Layer two decentralized exchanges Loopring and DeversiFi are joining forces by forming a committee dedicated to promoting usage of layer two solutions, named “L2 Squared” or just L².
Announced on Monday, the alliance wants to ease the transition for users into these higher performance on-chain exchanges. “As things stand, Loopring and DeversiFi are the first exchanges on Ethereum to harness Layer-2 solutions, using zkRollup and StarkEx’s Validium respectively,” explained Will Harborne, founder of DeversiFi. “However the much-needed migration to Layer-2 is not a simple one, and the network effects of Layer-1 composability are very strong which stand to slow down this ongoing transition.”
Both Loopring and DeversiFi require a separate deposit transaction to enter their respective ecosystems.
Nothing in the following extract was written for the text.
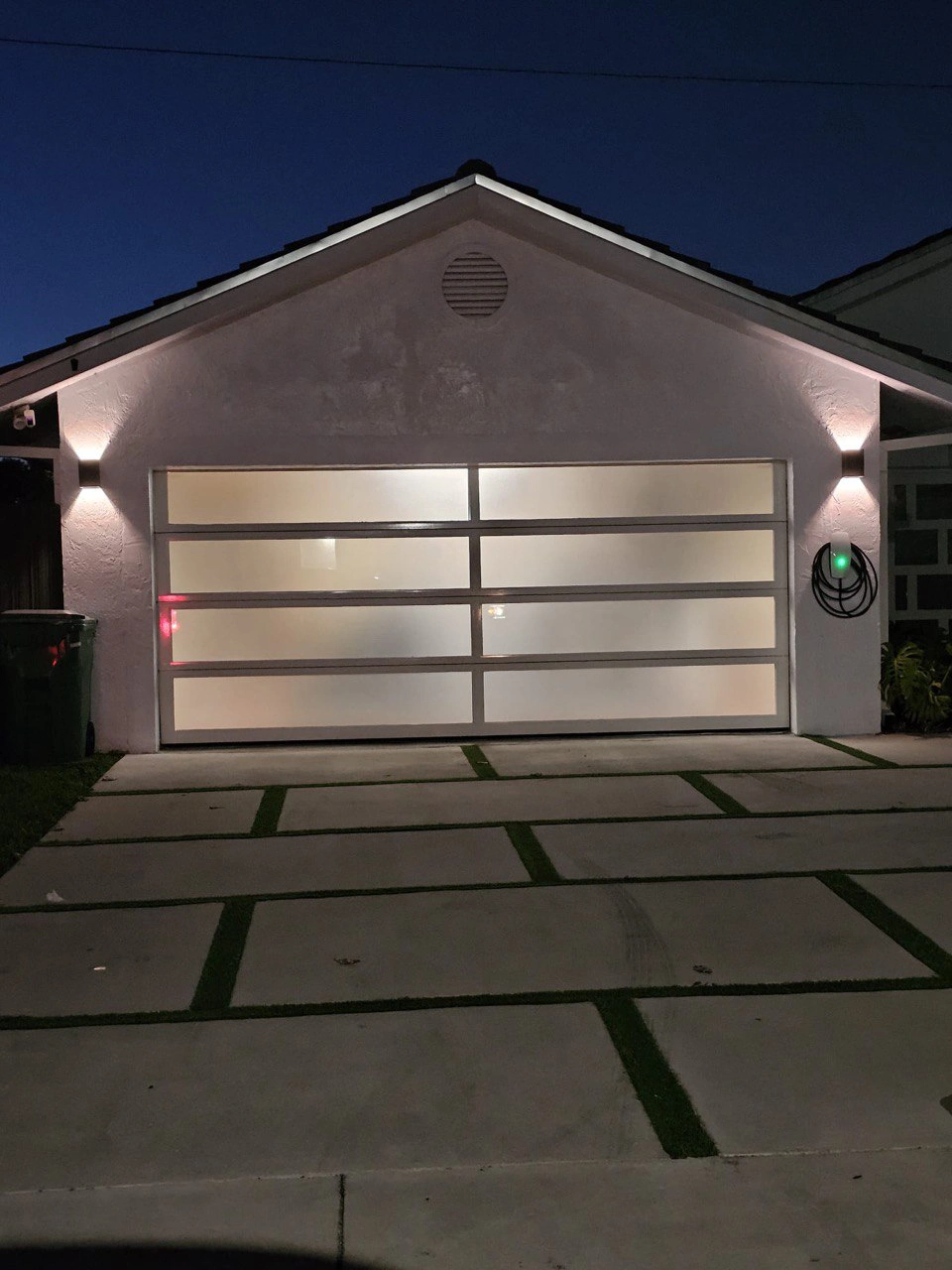 A frosted white-glass AA Impact impact garage door lit from within at night on a South Florida home, with wall-washer sconces and a ribbon driveway.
Though the funds are never in custody of the exchanges, this requirement still hampers usability and composability with other protocols.
The alliance will have several areas of responsibility geared toward promoting layer two adoption. From a business standpoint, it will conduct educational initiatives to explain how the technology works and what kind of advantages it offers over normal Ethereum usage, as well as push for more wallet integrations.
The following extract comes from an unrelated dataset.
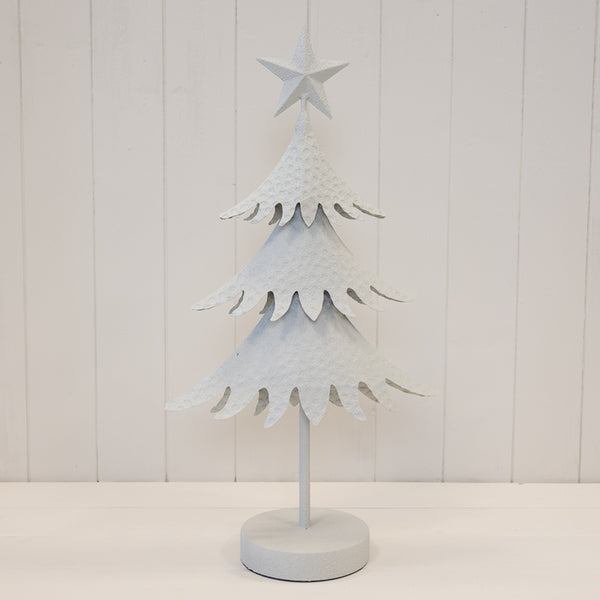 White metal extra tall Satchville Christmas tree decorated with ornaments and lights for holiday festivities.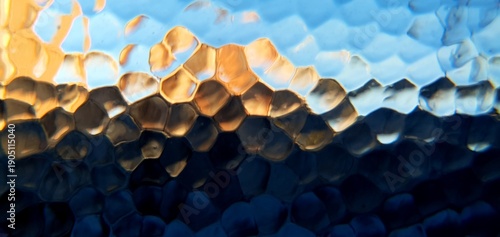 Abstract frosted glass with techno futurism light refraction. Modern honeycomb geometric pattern and blue gold bokeh distortion, ideal for futuristic technology and web backgrounds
On a technical level, L2 Squared will work on developing composability standards between both layer one and layer two, and between different layer two systems. As of yet, most layer two solutions are isolated environments that cannot be joined without first going through Ethereum.
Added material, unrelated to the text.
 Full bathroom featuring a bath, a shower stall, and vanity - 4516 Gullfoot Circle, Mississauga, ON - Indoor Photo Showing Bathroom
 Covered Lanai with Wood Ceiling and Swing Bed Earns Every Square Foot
The alliance comes as the Ethereum roadmap formally incorporated a rollup-centric vision. Data sharding is expected to be available after a relatively brief development period in 2021, and by combining it with rollups the network may begin to process thousands of transactions per second sooner than expected in the past.
Achieving frictionless composability and interoperability is the key to enabling the rollup-centric vision. While many DeFi DApps have pledged to use one or another solution once available, some see the potential fragmentation as a major barrier toward adoption.